WHAT YOU WILL DO:
Below is a listing. Return the lines from the one that contains "Used 2018 Jeep" to the one that contains "Trên tuyến đường", both ends included, verbatim and with no pictures.

PROVIDED DATA:
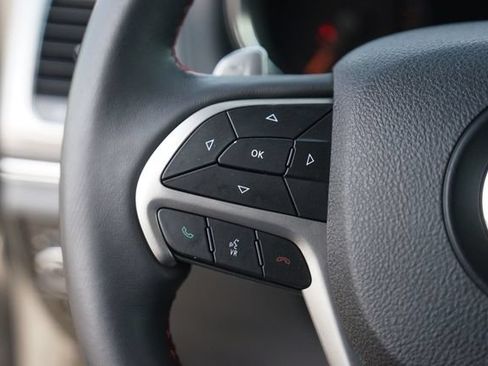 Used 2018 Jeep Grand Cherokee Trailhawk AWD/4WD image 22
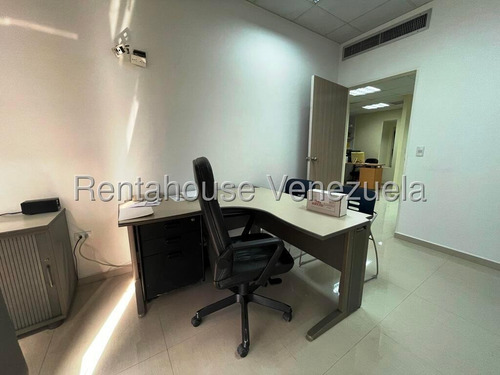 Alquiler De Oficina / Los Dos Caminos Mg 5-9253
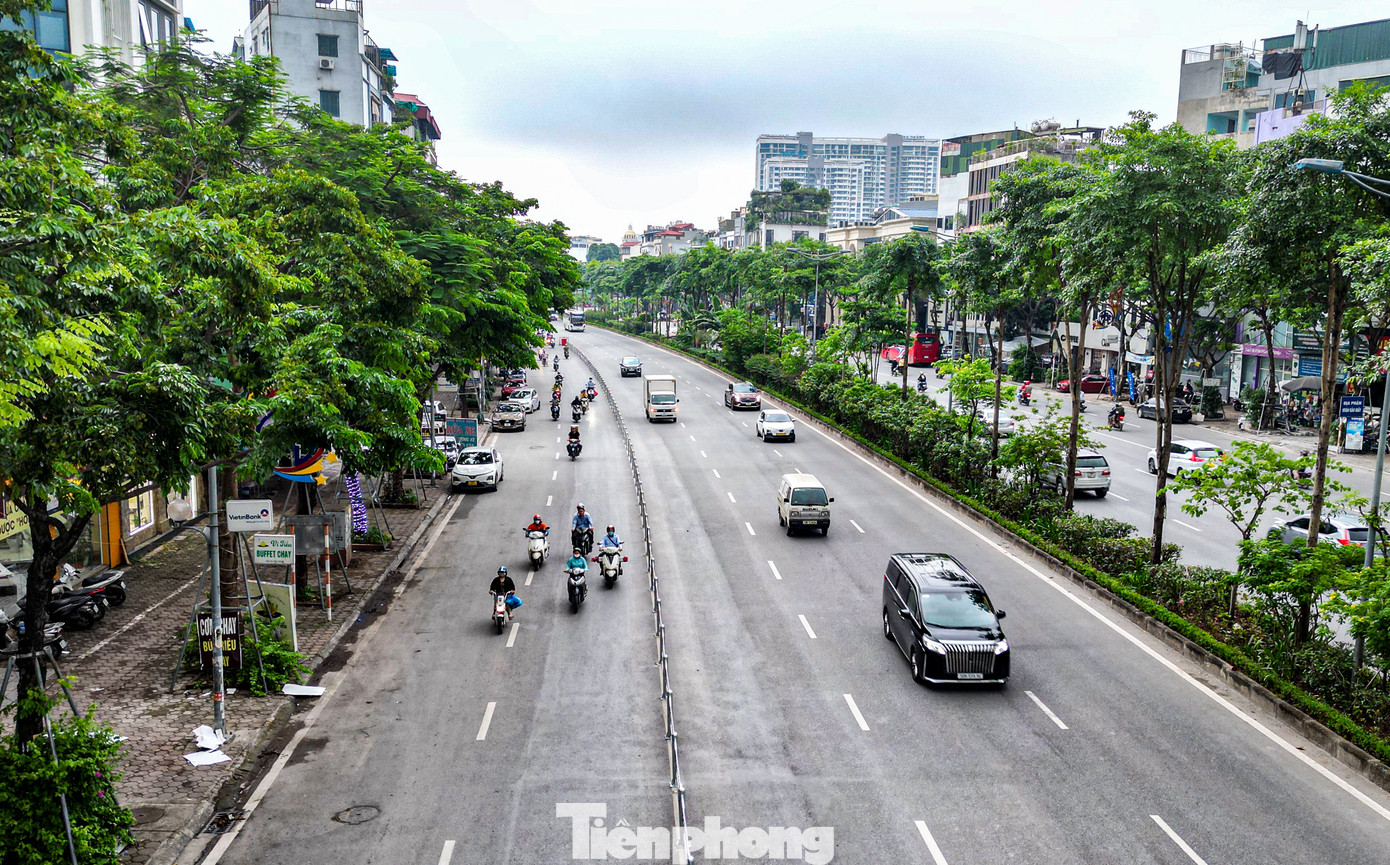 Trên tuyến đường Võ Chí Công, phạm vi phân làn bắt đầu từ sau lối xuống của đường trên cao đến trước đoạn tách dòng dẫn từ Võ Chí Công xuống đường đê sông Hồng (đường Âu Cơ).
* * *
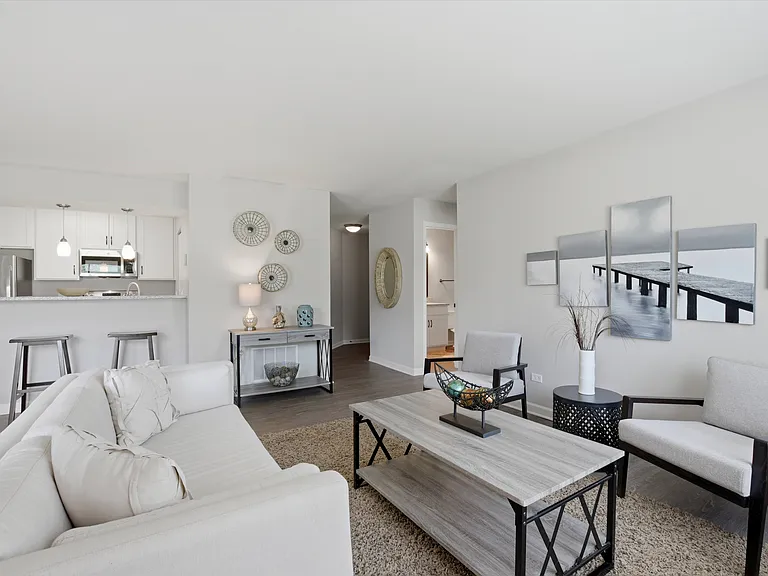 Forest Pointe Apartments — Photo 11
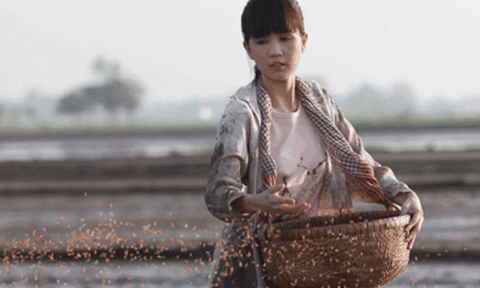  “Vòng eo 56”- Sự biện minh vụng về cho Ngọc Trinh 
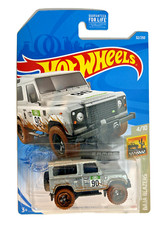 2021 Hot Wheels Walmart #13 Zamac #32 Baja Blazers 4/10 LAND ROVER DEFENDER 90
...
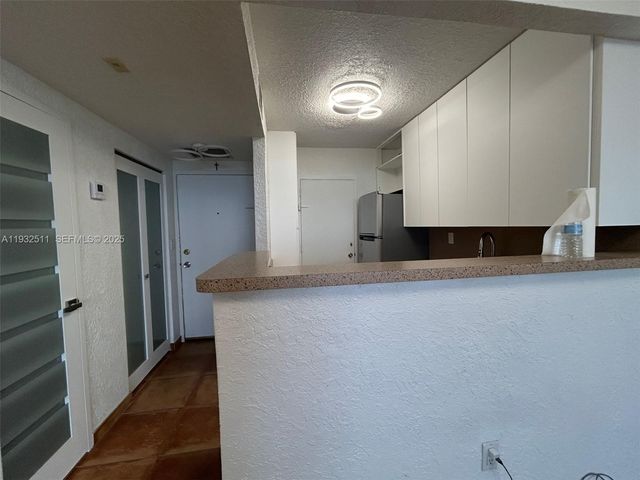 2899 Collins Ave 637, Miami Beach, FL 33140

EXERCISE SOLUTION:
 Used 2018 Jeep Grand Cherokee Trailhawk AWD/4WD image 22
 Alquiler De Oficina / Los Dos Caminos Mg 5-9253
 Trên tuyến đường Võ Chí Công, phạm vi phân làn bắt đầu từ sau lối xuống của đường trên cao đến trước đoạn tách dòng dẫn từ Võ Chí Công xuống đường đê sông Hồng (đường Âu Cơ).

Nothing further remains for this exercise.